中間十句,反復申述游子思鄉念家的痛苦之情。從結構上說,第一句采用了“頂真”的修辭手段,使這十句與前四句緊密聯系,渾然一體。承轉之際,不露微隙。而且描寫的內容,在不知不覺間,逐漸從思鄉轉移到思人,也顯得天衣無縫,十分自然。足見作者磬控縱送,深諳詩理。從表現手法上說,詩人選用了大量帶有凄清幽冷色彩的物象來烘托渲染。這些客觀物象,與詩人的主觀情感和諧一致,因此有力地映襯出詩人悲涼凄愴的心境。從感情的抒瀉上說,不僅將游子思鄉懷人的惆悵意緒刻劃得低回宛轉,淋漓盡致,同時隨著時間的推移,還使這種思鄉懷人的感情顯得越來越濃重、越來越強烈。從而細膩地、層次井然地展示出其意識流動的過程與軌跡。
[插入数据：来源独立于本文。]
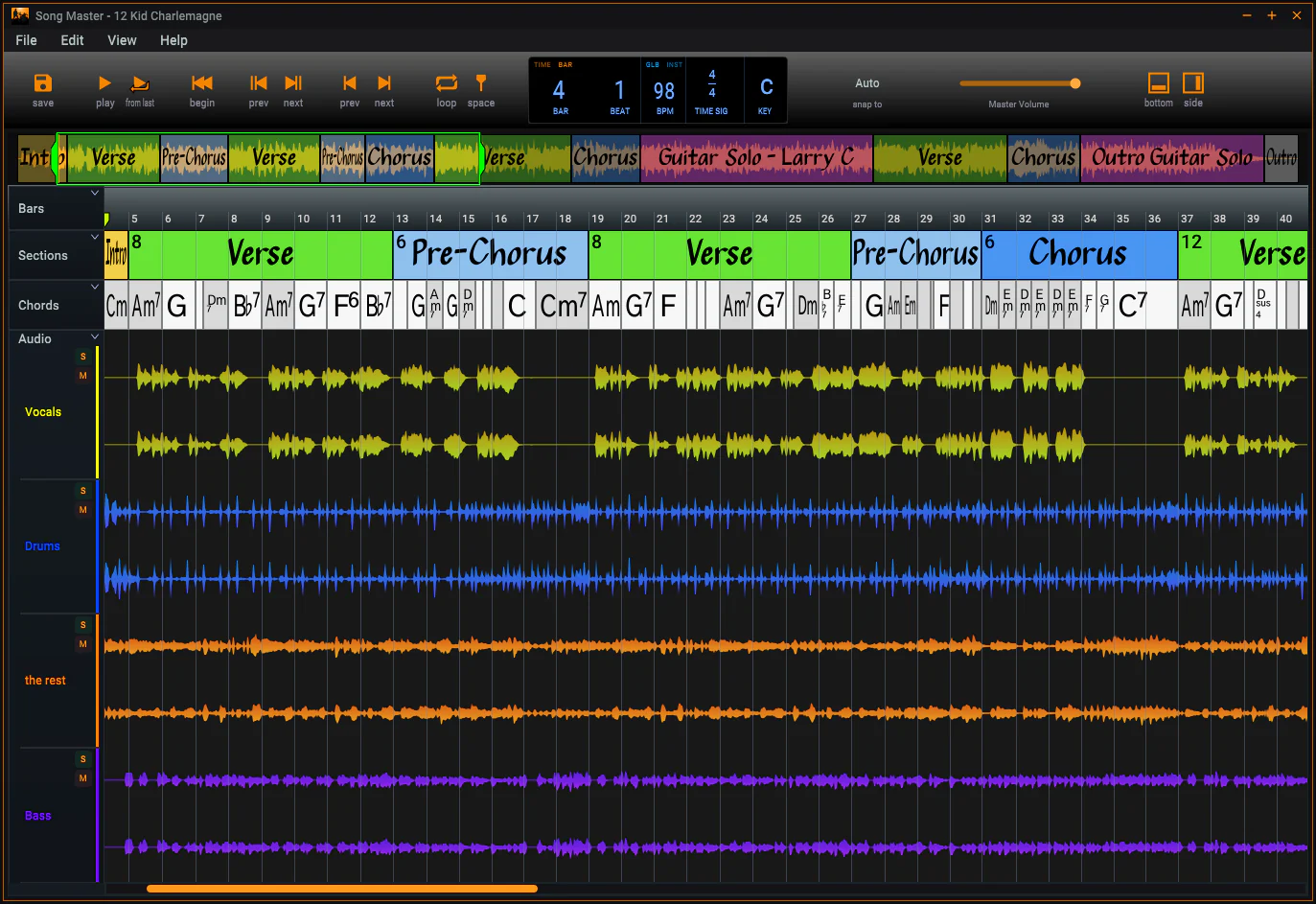 updated Audio view showing multiple stem tracks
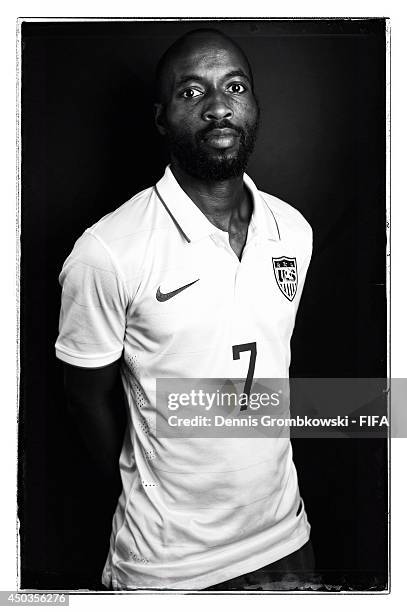 DaMarcus Beasley of the United States poses during the Official FIFA World Cup 2014 portrait session on June 9, 2014 in Sao Paulo, Brazil.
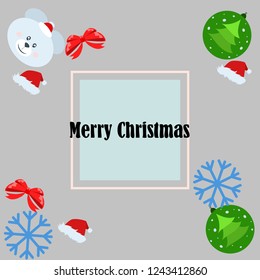new year card bow bear christmas ball snowflake santa hat vector background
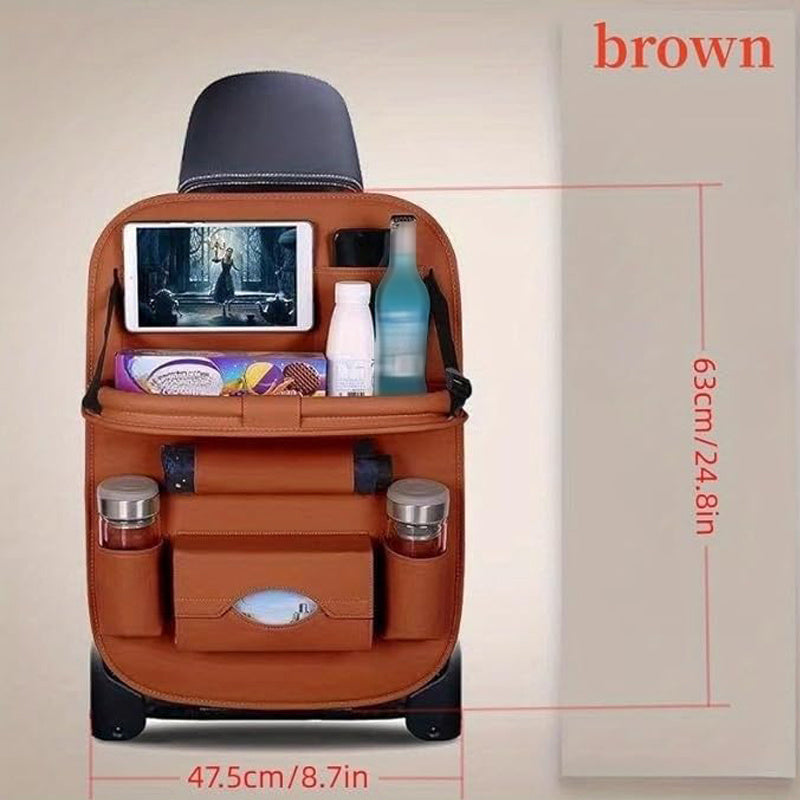 Car Rear Seat Organizer Storage Box – Multi-Function Console with Foldable Table, Footrest, Cup Holder, Tissue Box, Laptop Base & Dining Tray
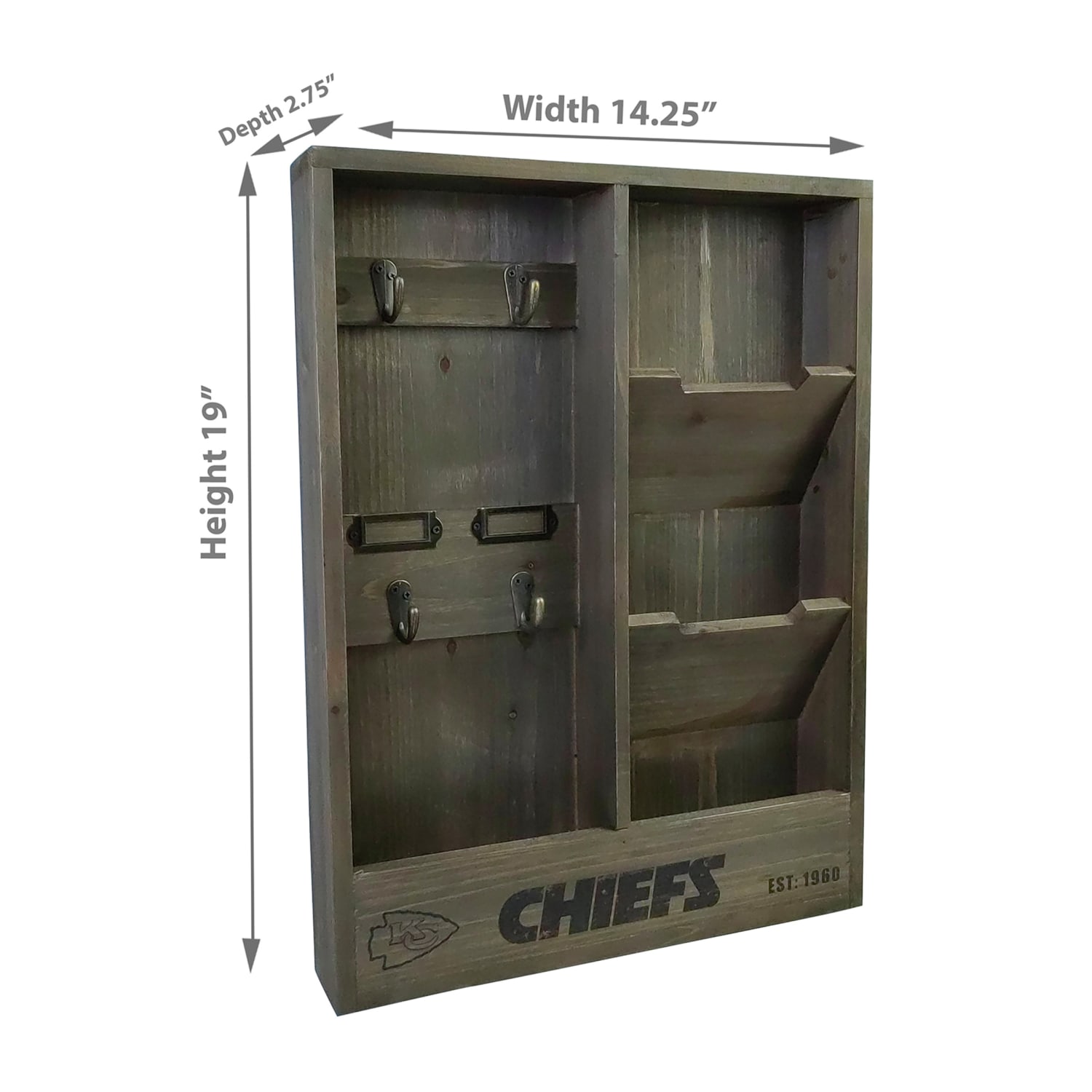 Imperial NFL Wall Mounted Wood Organizer, 19inH x 14-1/4inW x 2-3/4inD, Kansas City Chiefs - Image 4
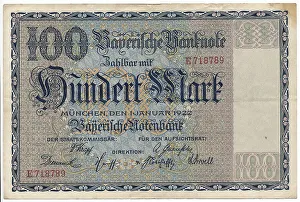 Old Banknote, 100 Marks, Front Print (1922)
最后四句即景抒懷。詩人運用巧妙的想象,把游子思鄉的情感推向頂峰。這四句在意思上可分兩層,中間略有轉折:從本心說,當然希望自己能象天邊的白云那樣,自由自在地飄動,倏忽之間,返回家鄉。不得已只好求其次,又轉而希望云中的歸雁,能將自己寫滿離愁的書信捎回家鄉,帶給親人。結尾處,詩人以醒目的字眼點明題旨,收煞全篇。
作者當時與李夢陽在理論上同倡“復古”之說,在創作上也都身體力行。他的詩近體全宗李、杜與盛唐諸人,古體則取法漢魏。本篇風格古樸重拙,雖顯然是模仿《古詩十九首》及其它漢魏樂府的,但骨氣神韻甚為接近,幾可亂真。點化前人詩句及用典處,也都自然妥貼,不露刻畫之跡。此外,表現羈旅行役、鄉思鄉愁,固然是古典詩詞的傳統題材,文學史上膾炙人口的名篇佳制不勝枚舉。而這首詩卻不給人以舊調重彈、似曾相識之感。況且本篇雖感情纏綿凄惻,但詩格健朗,并未流于纖弱一道,這些都得益于作者的才思與筆力。